Webb Tracey N, Flenaugh Eric, Martin Ralitza, Parks Christopher, Bechara Rabih I
Emory University.
Morehouse School of Medicine, Atlanta, GA.
J Bronchology Interv Pulmonol. 2019 Jan;26(1):10-14. doi: 10.1097/LBR.0000000000000493.
Endobronchial ultrasonography has proven to be highly sensitive and specific in the diagnoses of patients with mediastinal and hilar adenopathy. Many of these patients are on a combination of clopidogrel (a compound that inhibits adenosine diphosphate-induced platelet aggregation) and aspirin due to neurological and/or cardiac-related comorbidities, and stopping anticoagulation may place these patients at high risk for potential complications. Our group has previously showed that thoracentesis with an 8-french catheter is safe in patients receiving clopidogrel and aspirin with low risk of complications. In this manuscript, we report the outcomes of the largest prospective multicenter series of patients undergoing endobronchial ultrasound-guided transbronchial needle aspiration (EBUS-TBNA) while receiving clopidogrel.

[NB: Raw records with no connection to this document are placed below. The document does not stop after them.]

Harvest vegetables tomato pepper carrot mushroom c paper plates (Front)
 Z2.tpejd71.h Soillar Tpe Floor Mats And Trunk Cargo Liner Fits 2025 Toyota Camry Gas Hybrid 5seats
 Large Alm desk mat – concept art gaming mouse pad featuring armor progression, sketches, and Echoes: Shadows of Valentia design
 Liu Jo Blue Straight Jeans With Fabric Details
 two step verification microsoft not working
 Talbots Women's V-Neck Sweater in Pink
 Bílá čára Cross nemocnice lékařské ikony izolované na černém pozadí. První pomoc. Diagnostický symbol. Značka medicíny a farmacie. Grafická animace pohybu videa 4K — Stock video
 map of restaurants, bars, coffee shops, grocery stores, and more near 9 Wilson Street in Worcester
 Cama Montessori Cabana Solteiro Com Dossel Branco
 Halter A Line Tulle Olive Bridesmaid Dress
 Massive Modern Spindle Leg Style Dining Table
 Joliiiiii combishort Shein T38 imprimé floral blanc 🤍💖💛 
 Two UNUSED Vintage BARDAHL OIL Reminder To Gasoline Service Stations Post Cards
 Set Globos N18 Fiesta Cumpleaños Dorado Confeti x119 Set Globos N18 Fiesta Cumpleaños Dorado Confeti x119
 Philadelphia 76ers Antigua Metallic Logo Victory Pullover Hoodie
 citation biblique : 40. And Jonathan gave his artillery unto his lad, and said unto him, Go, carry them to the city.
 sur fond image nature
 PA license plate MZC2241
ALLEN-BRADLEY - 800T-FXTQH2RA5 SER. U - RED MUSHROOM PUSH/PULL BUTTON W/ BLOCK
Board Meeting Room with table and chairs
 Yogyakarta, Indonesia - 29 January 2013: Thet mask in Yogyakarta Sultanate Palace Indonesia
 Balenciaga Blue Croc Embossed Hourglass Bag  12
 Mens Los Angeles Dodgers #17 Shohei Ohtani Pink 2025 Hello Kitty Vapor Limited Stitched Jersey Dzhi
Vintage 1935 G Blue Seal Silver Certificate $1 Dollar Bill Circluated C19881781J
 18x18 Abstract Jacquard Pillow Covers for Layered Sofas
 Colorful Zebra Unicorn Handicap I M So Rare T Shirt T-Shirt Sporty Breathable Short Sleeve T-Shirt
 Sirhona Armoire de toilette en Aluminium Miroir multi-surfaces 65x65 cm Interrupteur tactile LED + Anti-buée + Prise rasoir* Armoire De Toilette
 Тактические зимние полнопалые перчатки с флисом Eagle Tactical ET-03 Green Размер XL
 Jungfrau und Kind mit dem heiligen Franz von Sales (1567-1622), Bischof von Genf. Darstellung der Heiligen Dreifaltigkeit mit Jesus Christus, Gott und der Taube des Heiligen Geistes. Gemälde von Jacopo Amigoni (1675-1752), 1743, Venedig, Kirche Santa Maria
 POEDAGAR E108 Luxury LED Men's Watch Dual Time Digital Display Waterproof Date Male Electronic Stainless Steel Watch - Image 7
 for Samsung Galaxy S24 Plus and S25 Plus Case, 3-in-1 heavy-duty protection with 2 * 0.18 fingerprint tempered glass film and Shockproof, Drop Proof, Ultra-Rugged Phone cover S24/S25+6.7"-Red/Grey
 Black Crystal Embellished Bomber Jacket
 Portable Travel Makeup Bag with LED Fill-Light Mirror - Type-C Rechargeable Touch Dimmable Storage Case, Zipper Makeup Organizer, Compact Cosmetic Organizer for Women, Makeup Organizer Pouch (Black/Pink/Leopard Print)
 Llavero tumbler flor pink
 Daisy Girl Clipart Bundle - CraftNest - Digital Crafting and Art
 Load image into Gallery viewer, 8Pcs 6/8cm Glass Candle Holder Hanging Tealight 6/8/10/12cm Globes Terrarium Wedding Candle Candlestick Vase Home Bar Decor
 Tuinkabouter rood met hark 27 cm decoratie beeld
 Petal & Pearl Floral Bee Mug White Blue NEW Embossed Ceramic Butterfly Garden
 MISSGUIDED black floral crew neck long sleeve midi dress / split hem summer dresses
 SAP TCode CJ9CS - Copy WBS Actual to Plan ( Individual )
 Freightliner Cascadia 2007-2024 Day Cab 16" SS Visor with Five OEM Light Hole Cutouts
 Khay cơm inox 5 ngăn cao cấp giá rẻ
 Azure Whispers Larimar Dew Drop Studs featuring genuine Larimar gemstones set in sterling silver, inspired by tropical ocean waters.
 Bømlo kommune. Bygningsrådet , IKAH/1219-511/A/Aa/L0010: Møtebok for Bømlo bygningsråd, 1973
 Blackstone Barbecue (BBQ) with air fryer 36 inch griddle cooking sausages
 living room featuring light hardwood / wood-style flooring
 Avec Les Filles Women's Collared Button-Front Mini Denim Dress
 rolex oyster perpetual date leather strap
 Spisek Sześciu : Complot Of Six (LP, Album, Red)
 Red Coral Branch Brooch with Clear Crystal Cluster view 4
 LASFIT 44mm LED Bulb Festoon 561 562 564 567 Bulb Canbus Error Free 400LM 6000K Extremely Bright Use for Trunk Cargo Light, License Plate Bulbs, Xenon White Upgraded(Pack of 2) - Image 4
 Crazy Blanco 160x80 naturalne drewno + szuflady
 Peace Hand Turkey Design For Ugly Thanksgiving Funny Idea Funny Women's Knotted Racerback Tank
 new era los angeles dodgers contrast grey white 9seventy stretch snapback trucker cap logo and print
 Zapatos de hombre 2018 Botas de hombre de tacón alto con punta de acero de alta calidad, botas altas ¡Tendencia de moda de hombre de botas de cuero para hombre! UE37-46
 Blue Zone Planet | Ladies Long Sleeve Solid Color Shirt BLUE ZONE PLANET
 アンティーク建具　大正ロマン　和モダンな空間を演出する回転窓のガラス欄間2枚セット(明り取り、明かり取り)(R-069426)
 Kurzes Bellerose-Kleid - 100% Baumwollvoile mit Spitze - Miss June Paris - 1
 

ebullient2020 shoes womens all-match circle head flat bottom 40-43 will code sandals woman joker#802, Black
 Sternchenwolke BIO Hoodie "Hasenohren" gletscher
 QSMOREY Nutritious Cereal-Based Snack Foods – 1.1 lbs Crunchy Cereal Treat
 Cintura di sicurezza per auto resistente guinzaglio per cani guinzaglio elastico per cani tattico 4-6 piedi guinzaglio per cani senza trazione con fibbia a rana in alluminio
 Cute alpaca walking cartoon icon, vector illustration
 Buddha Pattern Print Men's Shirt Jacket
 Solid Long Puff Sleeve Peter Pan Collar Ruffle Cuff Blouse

Patients presenting to our institutions with mediastinal/hilar adenopathy, requiring EBUS-TBNA, and actively taking clopidogrel and aspirin were included in the study. If the medication could be held for 5 to 7 days before the procedure, the patient was excluded. EBUS-TBNA was performed by an interventional pulmonology faculty on a total of 42 patients. All patients received total intravenous anesthesia, and a total of 92 nodes were sampled. First, 3 passes were performed with a 22-G needle. If no complications were encountered, we followed with additional 3 passes with a 21 G. Rapid onsite evaluation was performed in all patients. Bleeding at the puncture site was considered significant if it required cold saline, topical sympathomimetic, or balloon tamponade for hemostasis. Bleeding was considered nonsignificant if no interventions were required to achieve hemostasis.
We were able to perform all procedures successfully using both the 21 and 22-G needles. One patient required 30 mL cold saline installation to accomplish hemostasis with the 21 and 22-G needles. Our yield was comparable with the current literature. No statistically significant complications occurred during the procedure. All patients were contacted within 24 hours, and none reported bloody sputum.
We suggest that EBUS-TBNA, using 22 and 21-G needles, is safe with high yields in patients with mediastinal/hilar adenopathy, actively taking clopidogrel and aspirin, and are at high risk for thrombotic complications if the medication is discontinued.
经支气管超声检查已被证明在诊断纵隔和肺门淋巴结肿大患者时具有高度敏感性和特异性。由于神经和/或心脏相关合并症,这些患者中的许多人同时服用氯吡格雷(一种抑制二磷酸腺苷诱导的血小板聚集的化合物)和阿司匹林,停用抗凝药物可能使这些患者面临潜在并发症的高风险。我们的研究小组此前表明,对于接受氯吡格雷和阿司匹林治疗且并发症风险较低的患者,使用8法式导管进行胸腔穿刺是安全的。在本手稿中,我们报告了接受氯吡格雷治疗的患者中最大规模的前瞻性多中心系列经支气管超声引导下经支气管针吸活检(EBUS-TBNA)的结果。
本研究纳入了因纵隔/肺门淋巴结肿大就诊于我们机构、需要进行EBUS-TBNA且正在积极服用氯吡格雷和阿司匹林的患者。如果在手术前可以停用药物5至7天,则该患者被排除。共有42例患者接受了介入肺科医生进行的EBUS-TBNA。所有患者均接受全静脉麻醉,共采集了92个淋巴结样本。首先,使用22G针进行3次穿刺。如果未遇到并发症,我们接着使用21G针再进行3次穿刺。对所有患者进行了快速现场评估。如果穿刺部位出血需要冷盐水、局部拟交感神经药或球囊压迫止血,则认为出血严重。如果无需干预即可止血,则认为出血不严重。
我们使用21G和22G针均成功完成了所有手术。一名患者使用21G和22G针时需要注入30mL冷盐水以实现止血。我们的取材率与当前文献相当。手术过程中未发生统计学上显著的并发症。在24小时内联系了所有患者,无一例报告有血痰。
我们建议,对于纵隔/肺门淋巴结肿大、正在积极服用氯吡格雷和阿司匹林且停用药物会有血栓形成并发症高风险的患者,使用22G和21G针进行EBUS-TBNA是安全的,取材率高。